Leia, a seguir, os principais trechos da entrevista:

Por onde se começa a criar o discurso de uma marca? Acho que um bom lugar é a identidade, a partir da qual vai se desenvolver a estratégia. Mas isso não quer dizer que tudo possa ser resumido em uma frase curta. É um processo multidimensional. Cada marca precisa ter entre 6 e 12 elementos que ajudem a definir sua identidade. A partir disso, é possível fazer uma depuração para três ou quatro elementos mais importantes. Conforme a empresa evolui, algumas características que não eram tão importantes passam a se tornar mais relevantes – por isso, é necessário ter esses 12 elementos.

Quais tipos de características podem ganhar importância ao longo do tempo? A identidade de uma marca pode ter vários aspectos: os criadores podem querer que ela demonstre energia e que exale competência, por exemplo. Essas duas características podem ser menos importantes de início. No entanto, mais adiante, podem ser justamente esses aspectos que vão ajudar a empresa a se diferenciar. 

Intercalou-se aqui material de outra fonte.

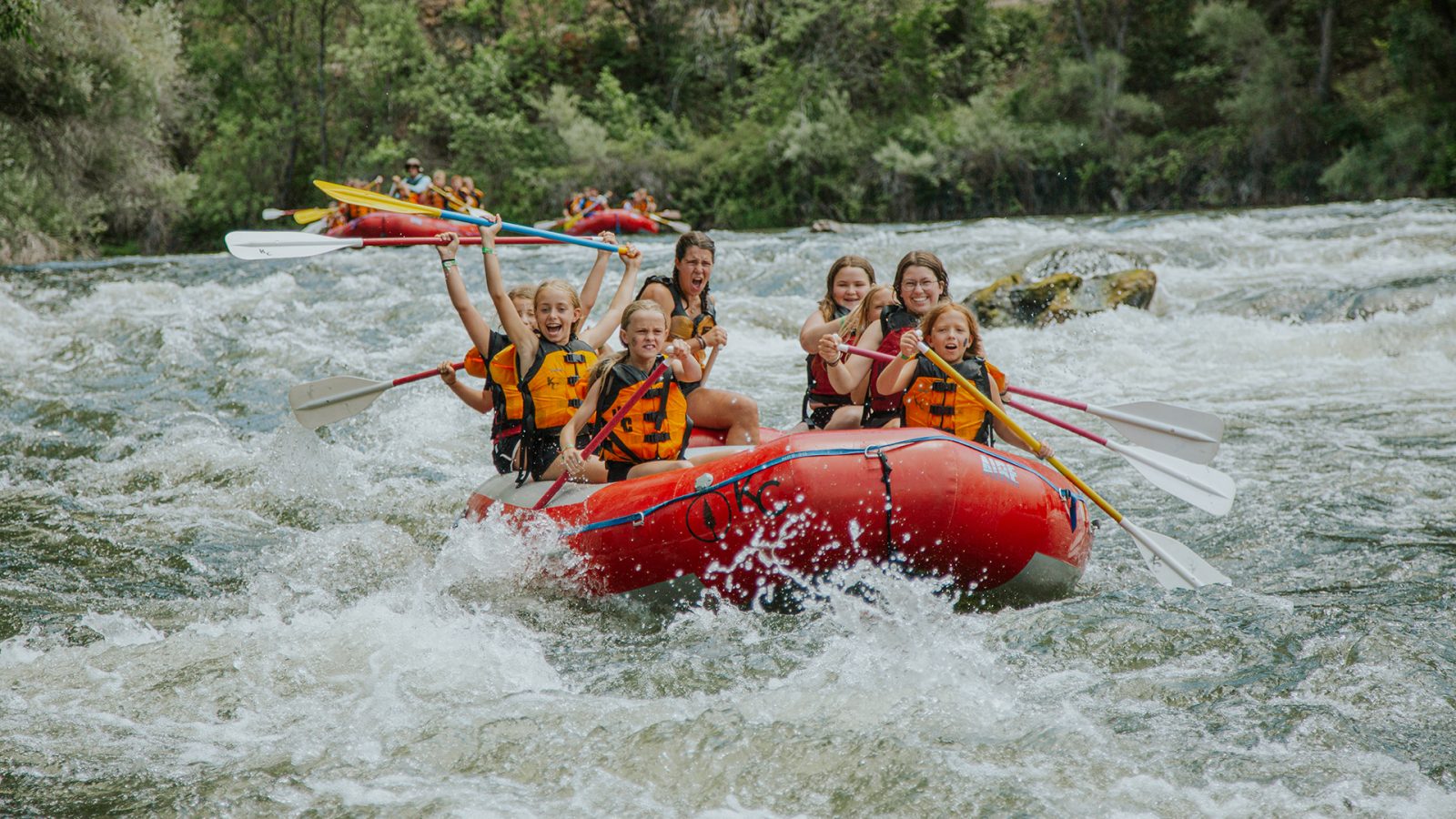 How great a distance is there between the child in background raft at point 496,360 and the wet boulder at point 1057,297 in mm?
5310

Em seu livro ‘Aaker on Branding’, o sr. cita o caso da marca Patagônia, que conseguiu se apropriar da questão ambiental. O fato de a Patagônia (marca de roupas e acessórios para prática de esportes ao ar livre) ter conseguido colocar a questão da sustentabilidade ambiental como valor não foi casual. Assim como suas concorrentes North Face e Columbia, a Patagônia tem relação com a natureza. Mas a Patagônia vai além: mantém vários programas de proteção ambiental e políticas internas que realmente a diferenciam das outras. 

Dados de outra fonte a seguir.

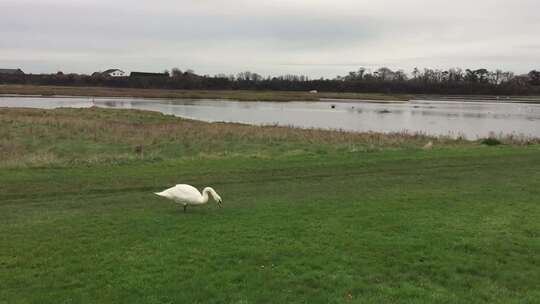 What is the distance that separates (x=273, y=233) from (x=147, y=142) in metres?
22.4

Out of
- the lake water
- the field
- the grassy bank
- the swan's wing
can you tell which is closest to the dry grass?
the field

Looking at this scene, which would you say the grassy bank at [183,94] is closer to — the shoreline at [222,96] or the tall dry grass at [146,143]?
the shoreline at [222,96]

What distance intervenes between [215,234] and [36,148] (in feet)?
65.7

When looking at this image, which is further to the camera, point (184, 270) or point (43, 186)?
point (43, 186)

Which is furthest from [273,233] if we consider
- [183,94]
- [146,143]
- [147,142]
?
[183,94]

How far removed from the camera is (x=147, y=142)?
31594 mm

Neste mês, Jorge Paulo Lemann disse ter preocupação em relação ao valor das marcas de cerveja da AB InBev. Isso quer dizer que a relação entre consumidor e marcas está mudando? Especialmente neste momento. A única forma de garantir lugar no mercado hoje é com a criação de um “must have,” um diferencial que torne os competidores irrelevantes. É importante pensar de forma inovadora e encontrar uma maneira de redefinir a categoria. Isso vale também para a AB InBev. E como se desenvolve um “must have “para a Budweiser? (É difícil, pois) esse tipo de diferencial se constrói por meio de nichos. A Budweiser hoje está competindo contra startups.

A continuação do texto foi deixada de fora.